For decades, the federal government has played the role of flood insurer through the National Flood Insurance Program (NFIP). What began as a public backstop has hardened into a routine subsidy, with Washington absorbing risks that private insurers would normally price—and often avoid—without a premium that reflects the true likelihood of loss.
The program’s structure shifts the consequences of building and living in flood-prone areas away from the people making those choices and onto taxpayers nationwide. When insurance prices are held below what risk would justify, the signal that normally discourages dangerous or imprudent development is muted. The predictable result is more construction, more rebuilding, and more repeated claims in places where flooding is not a remote possibility but an expected hazard.
A market-based approach would treat flood exposure the way other major risks are handled: through pricing, underwriting, and incentives that reward mitigation. Homeowners who choose high-risk locations—especially affluent property owners—should be able to purchase coverage that reflects their actual risk or decide to self-insure, elevate structures, relocate, or take other steps that reduce potential losses. When the cost of risk is visible and borne by the decision-maker, fewer resources are wasted and communities can adapt more realistically to changing conditions.
Ending the NFIP would also restore a clearer division between legitimate disaster relief and ongoing, pre-arranged subsidies. Emergency assistance after severe events can be debated and targeted openly. But standing federal insurance that repeatedly covers foreseeable, location-specific damage functions as a long-term transfer payment, not a neutral public service. It encourages rebuilding in the same vulnerable spots rather than supporting resilience and smarter land use.

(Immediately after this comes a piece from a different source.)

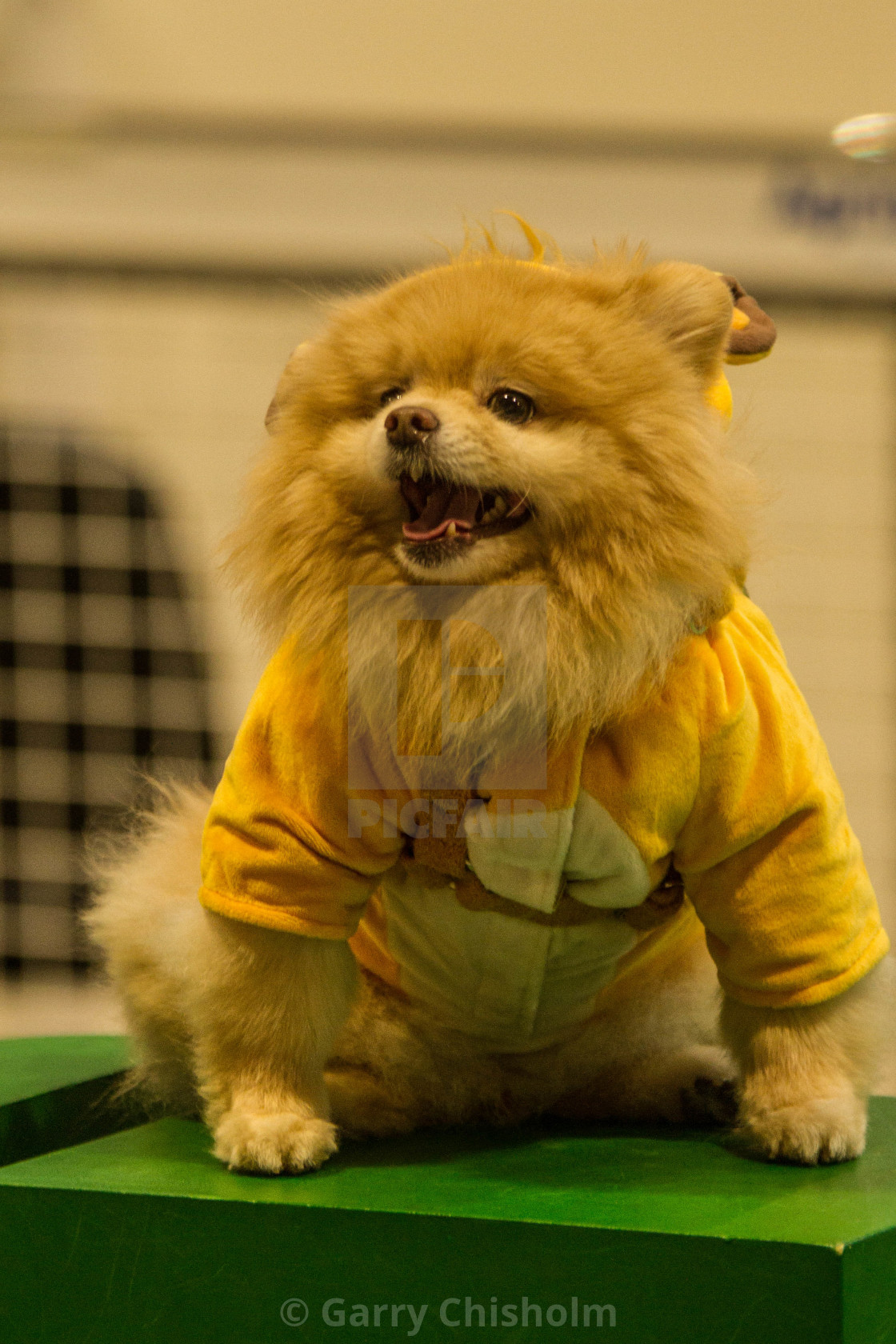 "Dressed up for Crufts" stock image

A phase-out of the NFIP would let private insurers and reinsurers step in where coverage is viable, while pushing states and localities to reconsider zoning and building decisions that amplify risk. In a freer system, people would still be able to live near coasts, rivers, and floodplains—but they would do so with prices and policies that reflect reality rather than federal guarantees. The practical and fair course is to end the National Flood Insurance Program and allow insurance markets, property owners, and local governments to manage flood risk without a permanent national subsidy.